和音進行が聴取者に与える影響について、科学的・心理学的な研究がされはじめたのは50年ほど前とごく最近であり、音楽理論として確立されているものが聴取者にどのような影響を与えるかが未解明な点もまだ多くある。過去に、最初に鳴らした和音の種類によって2番目の和音への印象が異なるのかという実験が行われた結果、2番目の和音の印象は最初に鳴らした和音の種類に影響され、単一で鳴らしたときの印象とは異なるという研究報告がされている。

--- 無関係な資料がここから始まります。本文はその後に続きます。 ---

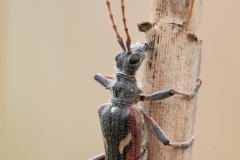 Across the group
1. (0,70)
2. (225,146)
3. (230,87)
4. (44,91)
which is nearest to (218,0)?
(230,87)

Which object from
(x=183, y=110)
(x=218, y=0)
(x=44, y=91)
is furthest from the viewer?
(x=44, y=91)

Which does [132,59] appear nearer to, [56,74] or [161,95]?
[161,95]

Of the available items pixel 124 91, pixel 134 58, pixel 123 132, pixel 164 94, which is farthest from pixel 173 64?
pixel 123 132

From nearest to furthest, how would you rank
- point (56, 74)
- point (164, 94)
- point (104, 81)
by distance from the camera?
point (164, 94), point (104, 81), point (56, 74)

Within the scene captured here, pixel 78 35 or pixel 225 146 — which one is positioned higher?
pixel 78 35

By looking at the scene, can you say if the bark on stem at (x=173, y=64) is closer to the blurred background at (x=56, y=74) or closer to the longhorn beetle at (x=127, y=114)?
the longhorn beetle at (x=127, y=114)

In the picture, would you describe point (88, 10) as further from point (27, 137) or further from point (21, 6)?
point (27, 137)
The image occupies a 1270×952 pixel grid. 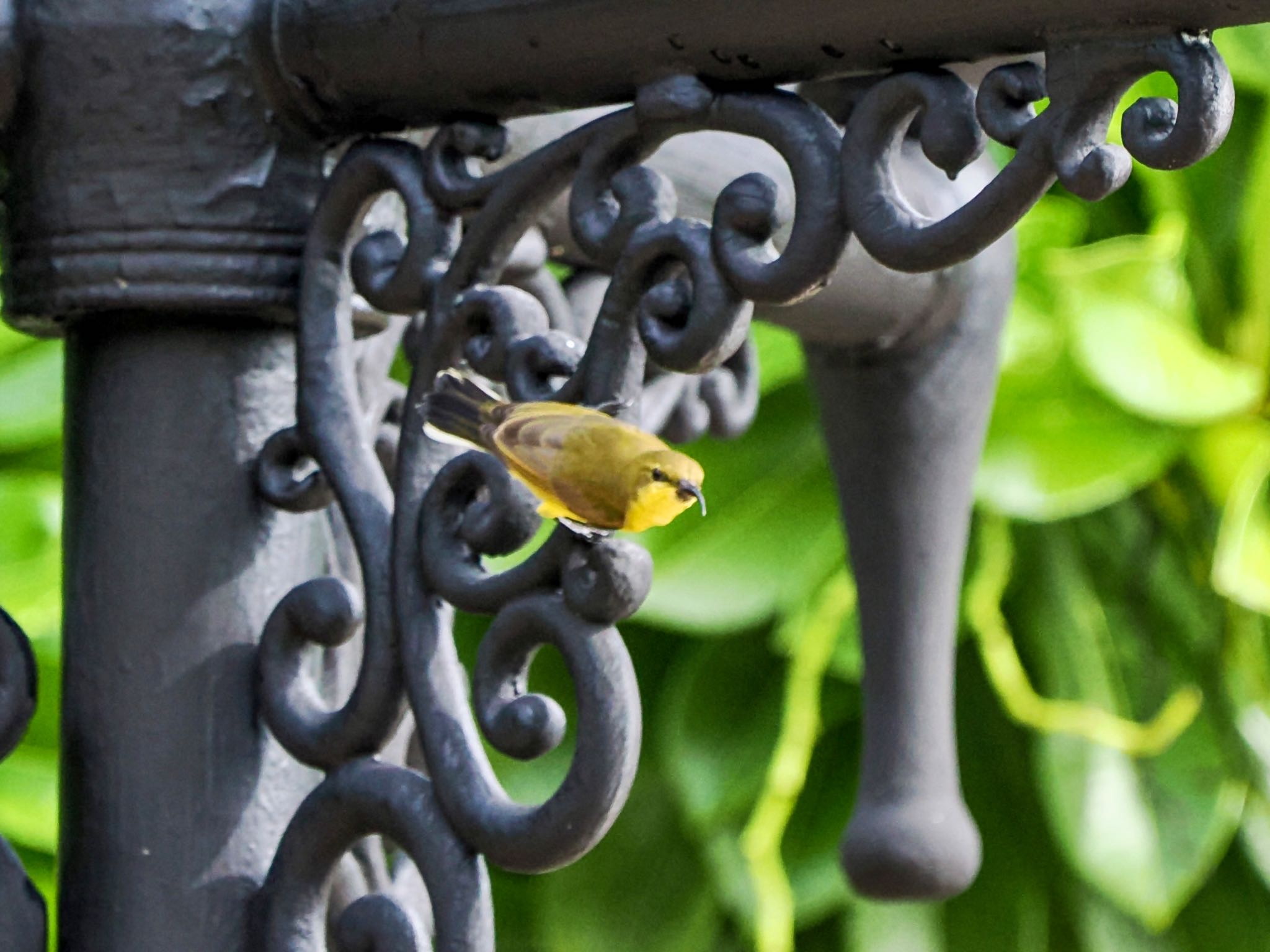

先行研究は和音が和音に対して与える影響を分析するものだったことに対し、本研究では一つのメロディに対し複数パターンの和音進行をつけるリハーモナイゼーションを行い、和音進行の違いによって楽曲の印象がどのように異なるのか、特にメロディ単体の印象、伴奏単体の印象のどちらに強く影響を受けるのかを分析することを研究目的とした。
もともと実験に使用する曲は東京情報大学の学歌の一部であった。しかし、被験者が東京情報大学の学生であったため、学歌に対して既に何らかの印象や先入観を持っている可能性があり、実験結果に影響すると思われた。そこで、筆者が実験用にオリジナル曲を作曲し、合計2曲で実験を行った。そしてこれらの原曲をもとに、和音進行に主要三和音のみを使った単純な曲を1つ、和音進行を複雑にしたパターンを2つ、合計4パターンを作成した。被験者には、1曲につきメロディ単体、メロディ+伴奏4種類、伴奏単体4種類、合わせて9パターンをランダムに聴取してもらい、17項目両極7段階のSD法で印象評価を行ってもらった。
被験者から得られた評価を元に各パターンの全評価項目の印象の平均を算出した結果、伴奏単体やメロディ単体よりも伴奏を伴ったメロディの方が印象評価の平均値が高かった。そのため楽曲は伴奏とメロディの相乗効果で聴取者にポジティブな印象を与えていたことが分かった。また、主要三和音のみを使用したリハーモナイゼーションは、楽曲の印象を必ずしも平坦でつまらないものにするわけではないことがわかった。さらに、原曲に対しリハーモナイゼーションを行うと、伴奏を伴ったメロディは部分的にマイナスにもプラスにもなることもわかった。つまり、リハーモナイゼーションは「単に和音進行を原曲と違うものにする行為」ではなく、「聴取者が原曲に抱いていた様々な印象や先入観をリセットし、新鮮みや面白さを出す行為」であるのだ。そして、和音進行の違いにより楽曲の印象は伴奏単体、それともメロディ単体のどちらに似るかは、楽曲やパターンによって異なる結果が出たため、この研究のみで一概に言える結果は得られなかった。